■ Records for the task ■
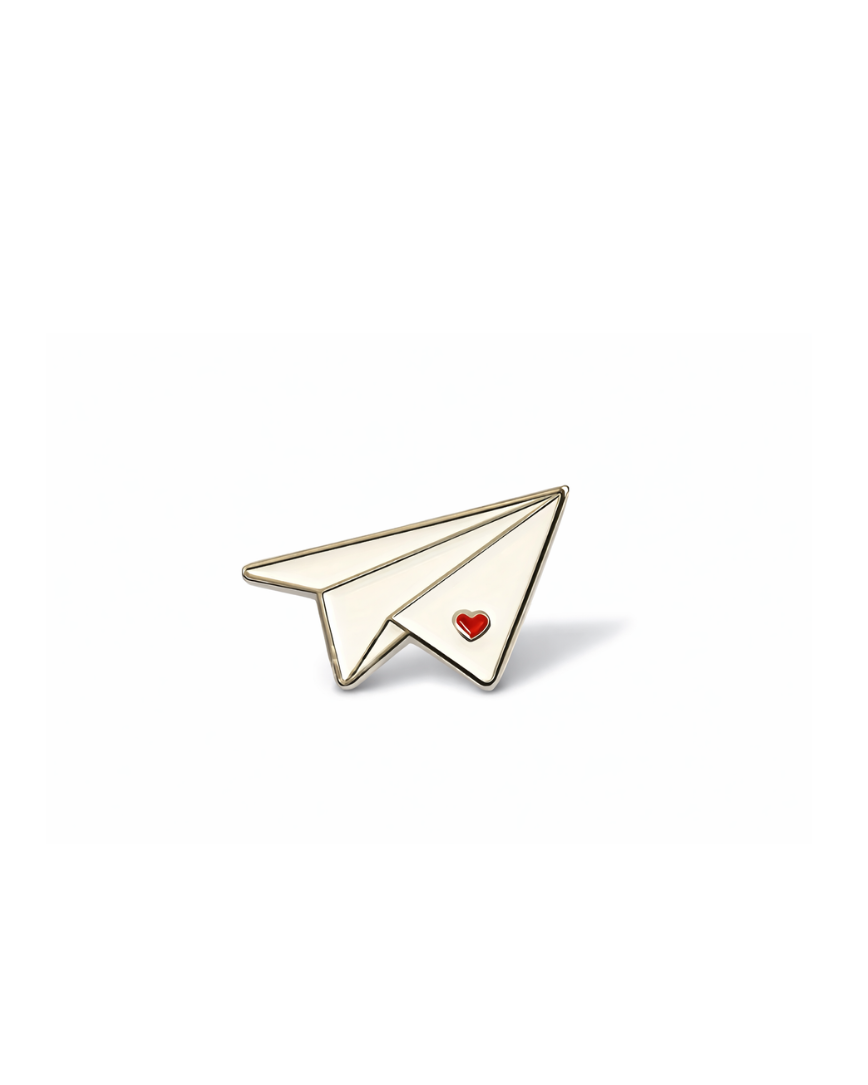 Paper Plane w Heart Enamel Pin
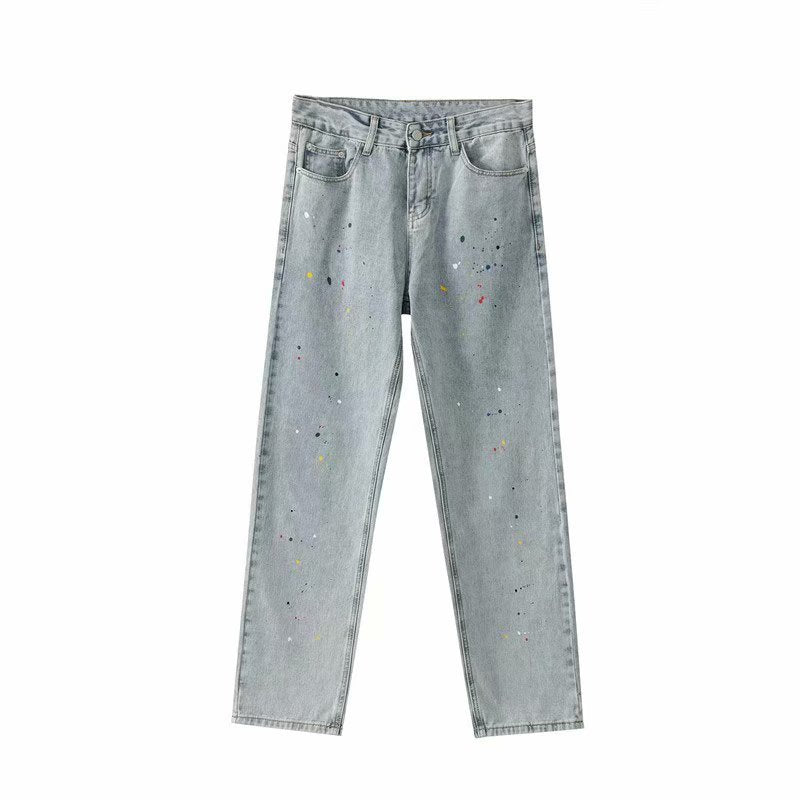 Men Jeans Retro Straight Loose Wide-Leg Pants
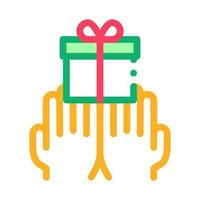 Hands Giving Gift Icon Vector Outline Illustration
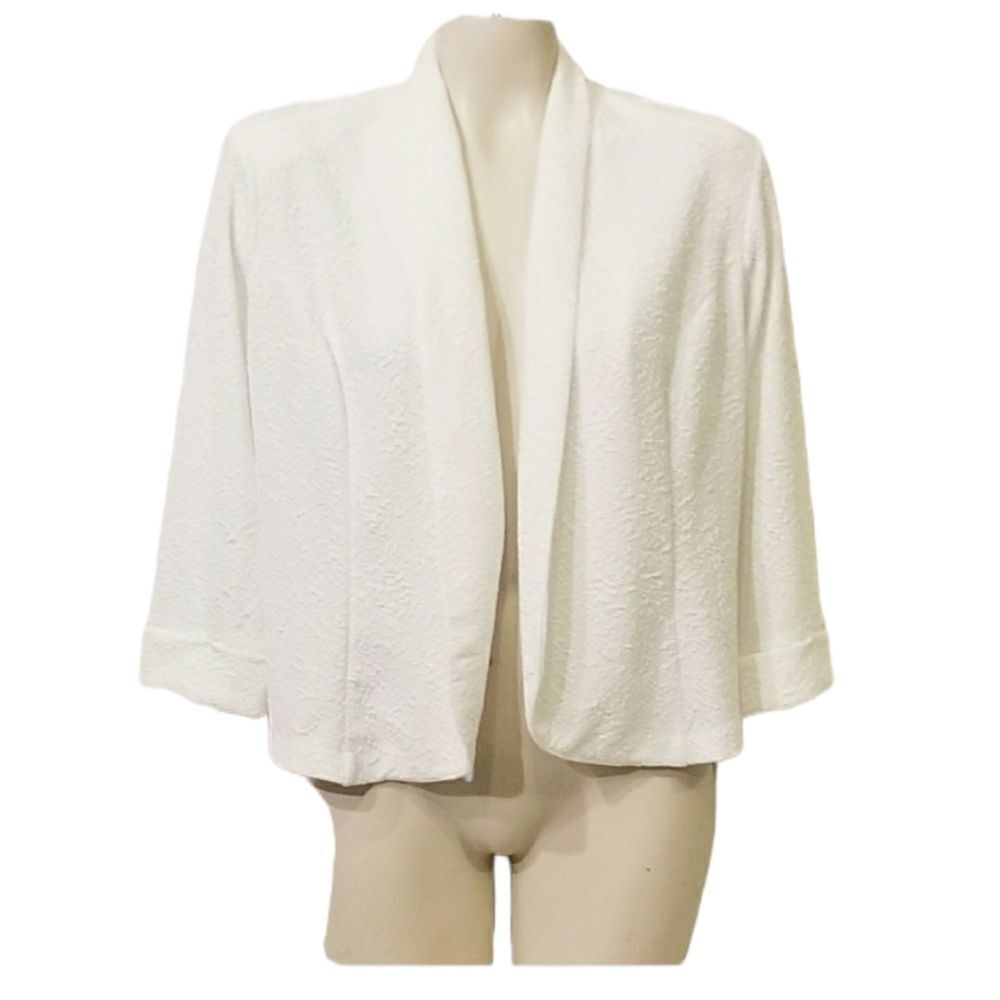 PerSeption White Open Front Cardigan NWT Size PL‎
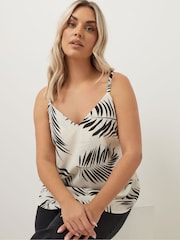 Yours Curve Natural Printed Palm Camisole - Image 8 of 9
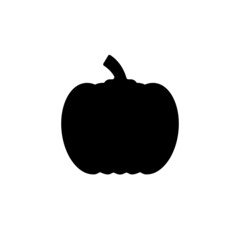 Black pumpkin icon. Vector clipart and silhouette on a white background. 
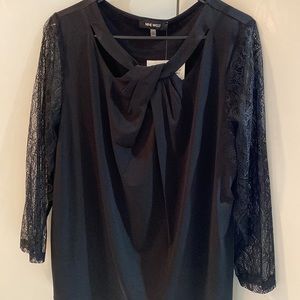 Nine West black lace blouse NEW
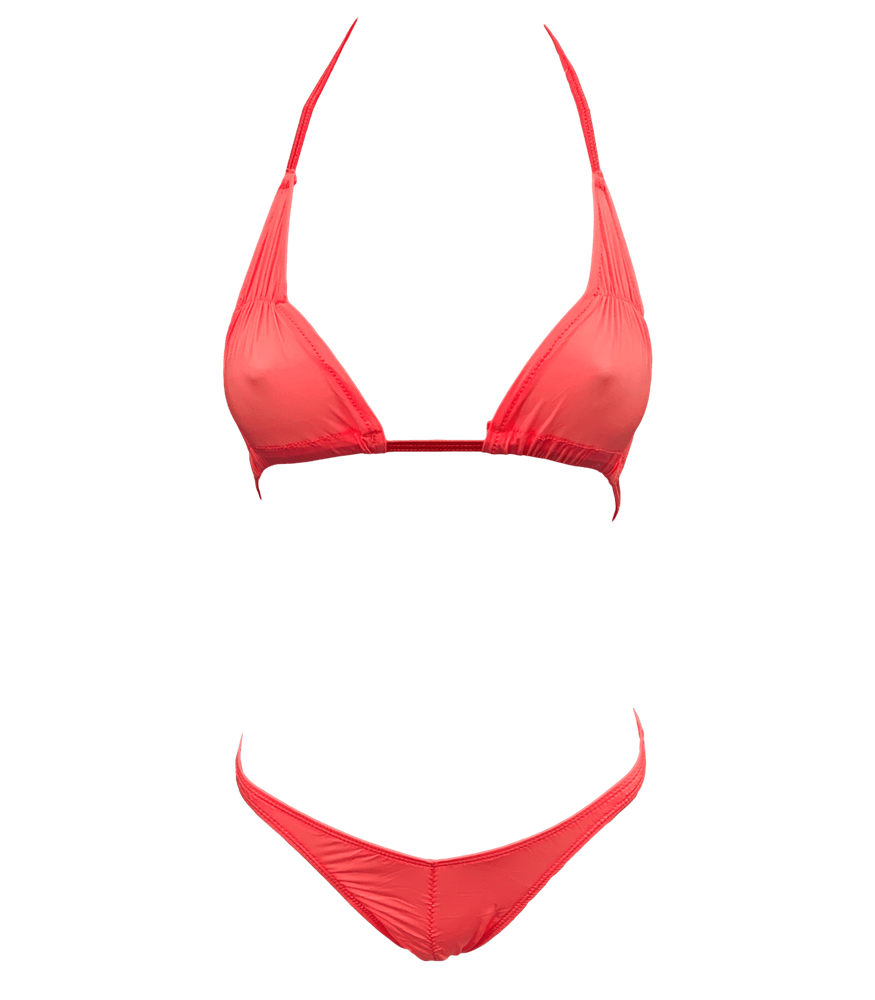 Love In Leather Spandex Fabric Womens Bikini Premium Stretch Construction - Red - Bras and Bra Sets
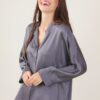 CAMICIA SATIN CON COLLETTO ALLA COREANA - Piombo, TU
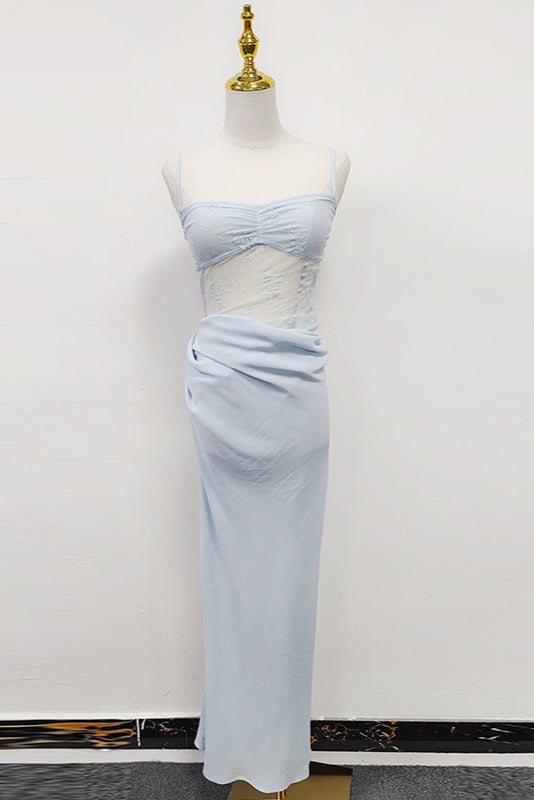 Hollow Suspenders with Ruffles Maxi Dress in Blue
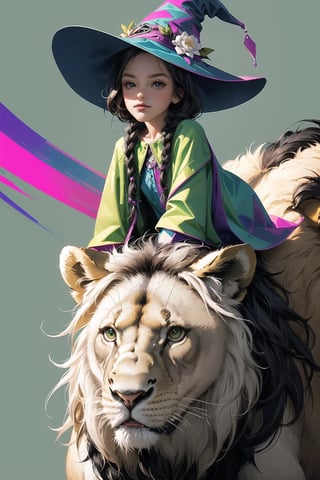 (( Riding a giant fat lion )) , shining eyes , twin braid , black hair , parted bangs, little girl, 10 years old, simple green witch's big hat and green robe, intricate details, 32k digital painting, hyperrealism, (vivid color,abstract background:1.3, colorful:1.3, flowers:1.2, zentangle:1.2, fractal art:1.1) ,High detailed ,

■ Activity ■
The lines above starting at the one that holds "Nine West black lace blouse NEW" and ending at the one that holds "Hollow Suspenders with" are to be written out exactly, ends included, and no pictures are to be copied.

■ Task response ■
 Nine West black lace blouse NEW
 Love In Leather Spandex Fabric Womens Bikini Premium Stretch Construction - Red - Bras and Bra Sets
 CAMICIA SATIN CON COLLETTO ALLA COREANA - Piombo, TU
 Hollow Suspenders with Ruffles Maxi Dress in Blue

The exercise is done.